Interesting presentation [Computer Architecture]

Prev: Multi-core lag for Left 4 Dead 1 and 2 and Quake 4 on AMD X23800+ processor... why ?
Next: Which is the most beautiful and memorable hardware structure in a CPU?

From: Stephen Fuld on 5 Apr 2010 16:20

On 4/5/2010 9:19 AM, nmm1(a)cam.ac.uk wrote:
> In article<hpd162$n2s$1(a)news.eternal-september.org>,
> Stephen Fuld<SFuld(a)Alumni.cmu.edu.invalid> wrote:
>>
>> To your list of advantages of paging, I would add the elimination of
>> memory fragmentation.
>
> Eh?

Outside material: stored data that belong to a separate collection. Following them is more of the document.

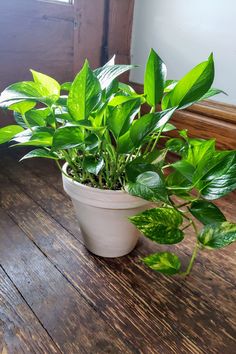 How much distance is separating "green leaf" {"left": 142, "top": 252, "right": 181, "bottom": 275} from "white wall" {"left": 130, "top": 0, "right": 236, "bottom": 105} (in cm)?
81

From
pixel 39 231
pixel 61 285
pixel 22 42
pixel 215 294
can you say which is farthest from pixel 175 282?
pixel 22 42

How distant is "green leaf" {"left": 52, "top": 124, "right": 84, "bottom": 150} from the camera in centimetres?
48

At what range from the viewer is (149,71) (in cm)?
54

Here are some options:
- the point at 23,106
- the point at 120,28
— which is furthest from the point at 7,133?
the point at 120,28

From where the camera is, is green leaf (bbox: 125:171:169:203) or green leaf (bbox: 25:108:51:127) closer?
green leaf (bbox: 125:171:169:203)

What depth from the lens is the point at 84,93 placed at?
19.4 inches

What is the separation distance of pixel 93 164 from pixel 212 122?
0.79 metres

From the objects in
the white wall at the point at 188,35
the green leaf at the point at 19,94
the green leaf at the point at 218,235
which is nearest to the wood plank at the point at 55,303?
the green leaf at the point at 218,235

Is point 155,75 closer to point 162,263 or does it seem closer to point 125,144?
point 125,144

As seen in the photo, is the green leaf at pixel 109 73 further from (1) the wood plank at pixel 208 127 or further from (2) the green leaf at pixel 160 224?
(1) the wood plank at pixel 208 127

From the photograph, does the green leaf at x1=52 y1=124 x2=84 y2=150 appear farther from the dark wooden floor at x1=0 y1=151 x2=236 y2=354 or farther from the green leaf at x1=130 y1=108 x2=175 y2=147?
the dark wooden floor at x1=0 y1=151 x2=236 y2=354

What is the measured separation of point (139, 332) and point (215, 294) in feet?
0.61

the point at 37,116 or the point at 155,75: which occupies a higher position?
the point at 155,75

Not merely does it not eliminate it, it can make it worse!
> The dogma that page tables must not be visible to the programmer
> has made a lot of memory tuning nigh-on impossible for as long as
> demand paging has been around.
>
> As the Atlas/Titan showed, virtual memory without demand paging
> eliminates memory fragmentation just as well as demand paging does.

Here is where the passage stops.